Mountains and Men, by Wilfrid Noyce. 160 pages, with four maps and 17 illustrations. London: Geoffrey Bles, 1947. 18,/-.
Ten years ago, when Wilfrid Noyce was an undergraduate at King’s and the editor of Cambridge Mountaineering, 1938, he was already known for his brilliance. He had achieved remarkable feats on the rocks of Wales and the Lake District; he had “.finished” Tryfan, with J. M. Edwards, for the Climbers’ Club guidebook; and he had made, over several seasons, impressive ascents on divers great ridges of the Oberland and Valais. In the intervening years, which evidently have brought no diminution of the brilliance or the love of hills long familiar, he has been farther afield, to Garhwal and Kashmir and Sikkim; and now he is editor of the Himalayan Journal and author of a delightful volume of reminiscences entitled Mountains and Men.

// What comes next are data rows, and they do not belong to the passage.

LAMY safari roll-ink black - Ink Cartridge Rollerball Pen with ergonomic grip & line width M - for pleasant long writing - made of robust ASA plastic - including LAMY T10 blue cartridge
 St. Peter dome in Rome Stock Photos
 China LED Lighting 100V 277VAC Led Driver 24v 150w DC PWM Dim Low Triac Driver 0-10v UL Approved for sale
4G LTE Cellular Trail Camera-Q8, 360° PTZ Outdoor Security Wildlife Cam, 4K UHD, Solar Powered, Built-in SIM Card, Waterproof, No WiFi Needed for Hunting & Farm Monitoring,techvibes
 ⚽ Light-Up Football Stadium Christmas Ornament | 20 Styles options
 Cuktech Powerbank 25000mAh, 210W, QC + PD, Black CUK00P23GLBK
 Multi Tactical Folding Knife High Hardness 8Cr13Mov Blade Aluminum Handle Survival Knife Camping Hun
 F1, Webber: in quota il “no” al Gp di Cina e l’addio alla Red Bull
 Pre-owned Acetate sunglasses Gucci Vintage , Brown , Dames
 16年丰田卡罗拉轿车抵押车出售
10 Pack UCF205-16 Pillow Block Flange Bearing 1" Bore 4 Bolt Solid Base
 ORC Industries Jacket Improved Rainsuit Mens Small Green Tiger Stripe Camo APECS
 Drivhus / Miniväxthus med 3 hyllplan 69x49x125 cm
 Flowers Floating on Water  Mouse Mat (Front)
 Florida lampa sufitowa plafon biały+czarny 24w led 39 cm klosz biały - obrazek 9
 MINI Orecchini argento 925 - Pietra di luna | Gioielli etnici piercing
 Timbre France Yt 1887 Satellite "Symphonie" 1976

The author’s preface modestly asserts that only one claim can be made for this book — “that it adds a little, a very little, to that tradition of very personal sentiment to which a line of great writers has left us heirs.” As if in conversation with a thoughtful man, inclined to talk a little bookishly, one listens to recollections and reflections: the nature of the climber, the “anatomy of pleasure,” the experience of falling. The author has suppressed, not infrequently, what he may consider barren detail. Books and journals and maps that helped to counteract his reticences soon hemmed in this reviewer’s chair. The collateral searchings—need one say?— were pleasant, too; and the happy impression left by Mountains and Men was, if anything, heightened. One comes with a sense that the right sort of person was there to the entry in “Sikkim Diary” for September 24th:* “Again what luck, to have climbed Pauhunri, 23,385 feet, and just over a fortnight after leaving Delhi. But really amusingly unorthodox.”
D. A. Robertson, Jr..
* The year was 1945. Himalayan Journal, XIII (1946), 62, 70-72.